だが、そんな風にふらふらしてゐた僕を、すばやく現実へ引きもどしてくれるものが、案外手ぢかな所から現はれた。はじめは小刻みな沓《くつ》音だつた。それが二階から下りて来たのだ。敷物が薄いからよく響く。下りきると、急ぎ足と言つていいほどの足どりで帳場の前を横ぎり、まつすぐこつちへ向つて来た。ライラック色の支那《しな》服をきた脊《せ》の高い女だつた。廊下のまん中で立ちどまると、いきなりこつちへ横を見せて、奥の食堂の方を透かすやうに見た。ほとんど肩すれすれまで、むきだしになつてゐる豊かな二の腕が、蝋《ろう》色に汗ばんで、どうやら胸をはずませてゐるらしい。一二歩、食堂の方へ行きかけたがやめて今度はキッとこつちを見た。もし僕が新聞を楯《たて》にしてゐるのでなかつたら、おそらく眼と眼がぶつかつたに相違ない。そして僕は何かしら声を立てたにちがひない。あの女だ――と僕は咄嗟《とっさ》に思つたからだ。が、女は僕に気づかなかつた。瞬間ありありと失望の色を浮べると、長い裾《すそ》を蹴《け》るやうにして姿を消した。例の支那服特有の裾の裂け目から、きりりと締つたふくらはぎが、一度二度ひらめいた。臙脂《えんじ》色の小さな沓《くつ》もちらりと見えたやうだ。そのどつちも僕は見覚えがあつた。

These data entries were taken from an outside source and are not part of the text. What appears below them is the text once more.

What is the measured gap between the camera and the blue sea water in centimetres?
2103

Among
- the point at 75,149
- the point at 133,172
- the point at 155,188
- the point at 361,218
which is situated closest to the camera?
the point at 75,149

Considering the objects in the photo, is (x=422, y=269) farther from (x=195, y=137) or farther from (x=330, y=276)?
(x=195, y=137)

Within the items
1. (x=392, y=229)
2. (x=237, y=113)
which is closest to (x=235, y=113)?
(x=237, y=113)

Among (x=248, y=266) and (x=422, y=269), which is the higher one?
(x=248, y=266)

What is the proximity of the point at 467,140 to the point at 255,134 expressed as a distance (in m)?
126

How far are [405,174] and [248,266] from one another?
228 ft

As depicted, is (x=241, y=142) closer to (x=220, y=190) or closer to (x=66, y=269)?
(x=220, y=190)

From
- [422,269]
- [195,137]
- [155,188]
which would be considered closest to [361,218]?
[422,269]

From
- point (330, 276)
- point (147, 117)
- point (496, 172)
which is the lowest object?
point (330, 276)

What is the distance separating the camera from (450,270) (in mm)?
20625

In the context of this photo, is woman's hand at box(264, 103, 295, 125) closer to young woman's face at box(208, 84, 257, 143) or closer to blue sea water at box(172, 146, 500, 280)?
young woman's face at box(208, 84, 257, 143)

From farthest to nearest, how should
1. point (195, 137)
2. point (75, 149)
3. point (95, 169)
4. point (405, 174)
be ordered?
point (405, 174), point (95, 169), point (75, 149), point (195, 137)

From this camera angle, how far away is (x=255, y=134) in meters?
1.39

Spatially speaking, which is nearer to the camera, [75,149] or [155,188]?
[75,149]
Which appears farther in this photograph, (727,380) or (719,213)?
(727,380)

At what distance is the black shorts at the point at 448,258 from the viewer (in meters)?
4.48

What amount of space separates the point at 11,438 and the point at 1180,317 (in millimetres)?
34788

僕は耳を澄ました。沓音はポーチの敷石にひびき返つて、外へ出ていつたらしい。暫《しばら》くすると洋車の出て行くらしい軋《きし》りがかすかにした。
ところで君は、一体その女は僕にとつて何者なのかと、いささか好奇心をもやしてゐるかも知れないね。もしさうだつたら、なんとも申訳ない次第だ。現実はあひにくと、小説ほど都合よくできてはゐないからね。実をいふと僕はその女について、ほとんど知つてゐることはないんだよ。一体あれは何者だつたらうと、未だに時どき思ひだすぐらゐのところさ。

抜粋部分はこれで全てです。